Those following the Saskatchewan Film Tax Credit issue might find the quote below from Brad Wall of interest. I saw while doing some research on the issue and thought the Premier was bang on.
In fact, it covers off a lot of what the CTF has been saying for decades now - if special industry subsidies like the film tax credit really created all the economic benefits that proponents suggest...why doesn't every industry have one? The answer of course is that it's simply unaffordable for taxpayers to fund every industry and the benefits aren't usually what they're cracked up to be. In any case, on with the show...here's the quote:
"I’ve heard the arguments say, well but there’s all these spinoffs. Mr. Speaker, if we applied the logic that we’ve heard from members opposite and others...if we applied the same logic that these tax grants are good because of the spinoffs that occur, we’d have them in every other industry. There would be an infinite amount of benefit. And people say, well they’re cost-neutral. If they’re cost-neutral, and they create a 6 to 1 benefit in the economy, why aren’t they applied to every other sector?"
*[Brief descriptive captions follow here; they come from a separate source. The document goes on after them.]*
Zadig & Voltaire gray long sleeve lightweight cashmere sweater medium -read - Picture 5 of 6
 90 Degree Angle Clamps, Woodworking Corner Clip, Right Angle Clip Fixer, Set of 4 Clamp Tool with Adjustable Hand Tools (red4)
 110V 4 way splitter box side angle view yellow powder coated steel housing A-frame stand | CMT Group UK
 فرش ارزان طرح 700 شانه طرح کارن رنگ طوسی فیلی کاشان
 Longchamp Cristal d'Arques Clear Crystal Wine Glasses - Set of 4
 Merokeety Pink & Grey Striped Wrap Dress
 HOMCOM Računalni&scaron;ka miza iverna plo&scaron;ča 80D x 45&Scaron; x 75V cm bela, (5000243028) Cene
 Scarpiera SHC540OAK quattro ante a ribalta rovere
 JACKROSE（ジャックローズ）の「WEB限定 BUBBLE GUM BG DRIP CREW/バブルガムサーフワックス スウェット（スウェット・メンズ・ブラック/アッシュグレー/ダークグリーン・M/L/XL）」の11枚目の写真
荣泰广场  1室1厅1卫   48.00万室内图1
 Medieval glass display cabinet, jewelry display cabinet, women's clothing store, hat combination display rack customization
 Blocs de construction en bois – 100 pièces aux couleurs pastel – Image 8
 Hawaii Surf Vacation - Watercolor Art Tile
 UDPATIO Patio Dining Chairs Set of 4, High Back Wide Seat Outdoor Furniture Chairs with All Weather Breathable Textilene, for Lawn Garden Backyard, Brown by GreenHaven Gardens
People have said, well there’s incentives in the potash industry. Well there may be if they do certain things like they expand in the province, but there’s still a net tax paid to the people of this province for their resource. And by the way, it’s sunsetted. That tax incentive ends by definition. And when it ends, they pay the highest royalties in the world, and billions of dollars have been invested and thousands of jobs have been created, and this subsidy or the tax incentive — a real credit, not a grant — ends. I asked the industry when we met with them with the minister, when could we stop this tax credit, this grant thing?
When is the industry going to be at the point where it doesn’t need it anymore? Because that’s the difference between this and other tax measures. Never, they said, as long as someone else is in the bidding war. Mr. Speaker, the logic of, well you should do it because it’s cost-neutral and there’s spinoffs, it doesn’t hold, Mr. Speaker. It simply doesn’t hold. We’ve seen the numbers, and it doesn’t hold, otherwise we’d apply it to every other single industry from restaurants to the service sector, to financial services, to agriculture, to manufacturing, to everything. Mr. Speaker, that argument we just fundamentally disagree with, and so we’ve made a difficult decision."